Task goal:
Once the line containing "Penampakan gedung SMPN" is found in the records below, return it and each following line exactly, up to and including the line containing "Myriam Luxury Navodari", and nothing else.

Raw data:
▶
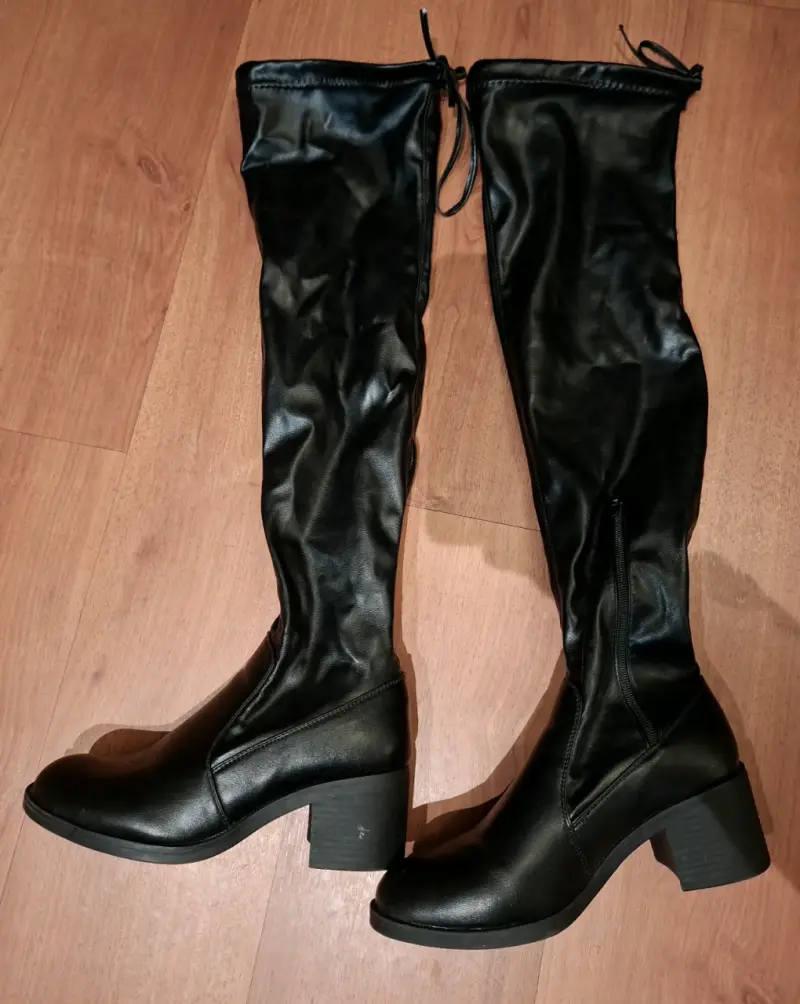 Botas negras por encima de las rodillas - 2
◀
▶
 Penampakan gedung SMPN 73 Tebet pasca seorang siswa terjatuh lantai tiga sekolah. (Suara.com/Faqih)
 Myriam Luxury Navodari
◀
Answer area:
 Penampakan gedung SMPN 73 Tebet pasca seorang siswa terjatuh lantai tiga sekolah. (Suara.com/Faqih)
 Myriam Luxury Navodari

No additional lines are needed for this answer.